▶ Given records:
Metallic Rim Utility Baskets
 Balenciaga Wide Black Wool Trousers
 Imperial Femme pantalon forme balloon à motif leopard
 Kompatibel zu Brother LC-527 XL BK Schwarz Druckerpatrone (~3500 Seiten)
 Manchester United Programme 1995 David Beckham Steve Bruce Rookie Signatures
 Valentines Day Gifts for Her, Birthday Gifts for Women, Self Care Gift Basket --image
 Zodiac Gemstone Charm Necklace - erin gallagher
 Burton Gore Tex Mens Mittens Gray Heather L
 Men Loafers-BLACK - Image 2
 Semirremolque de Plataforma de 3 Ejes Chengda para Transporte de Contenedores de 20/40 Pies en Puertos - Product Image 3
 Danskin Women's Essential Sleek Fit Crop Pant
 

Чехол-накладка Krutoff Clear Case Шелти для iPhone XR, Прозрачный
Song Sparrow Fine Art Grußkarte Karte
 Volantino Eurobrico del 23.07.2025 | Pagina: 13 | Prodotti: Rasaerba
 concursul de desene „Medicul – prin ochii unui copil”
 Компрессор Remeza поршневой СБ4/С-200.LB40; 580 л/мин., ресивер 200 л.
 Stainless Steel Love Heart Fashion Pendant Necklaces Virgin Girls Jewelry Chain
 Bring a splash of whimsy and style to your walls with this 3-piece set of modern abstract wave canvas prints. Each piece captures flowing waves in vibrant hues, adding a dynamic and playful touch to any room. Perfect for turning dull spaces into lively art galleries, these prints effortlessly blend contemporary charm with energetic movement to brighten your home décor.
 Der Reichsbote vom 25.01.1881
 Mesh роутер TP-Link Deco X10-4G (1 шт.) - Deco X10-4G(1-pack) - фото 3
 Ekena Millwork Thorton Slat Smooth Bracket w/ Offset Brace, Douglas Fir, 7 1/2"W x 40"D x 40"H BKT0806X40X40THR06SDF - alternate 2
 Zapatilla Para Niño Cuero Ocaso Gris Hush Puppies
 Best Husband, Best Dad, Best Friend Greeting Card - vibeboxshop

▶ What the task requires:
Exactly as written, please transcribe the lines from the start of the records above to the line that holds "Manchester United Programme", both ends included.

▶ Written solution:
Metallic Rim Utility Baskets
 Balenciaga Wide Black Wool Trousers
 Imperial Femme pantalon forme balloon à motif leopard
 Kompatibel zu Brother LC-527 XL BK Schwarz Druckerpatrone (~3500 Seiten)
 Manchester United Programme 1995 David Beckham Steve Bruce Rookie Signatures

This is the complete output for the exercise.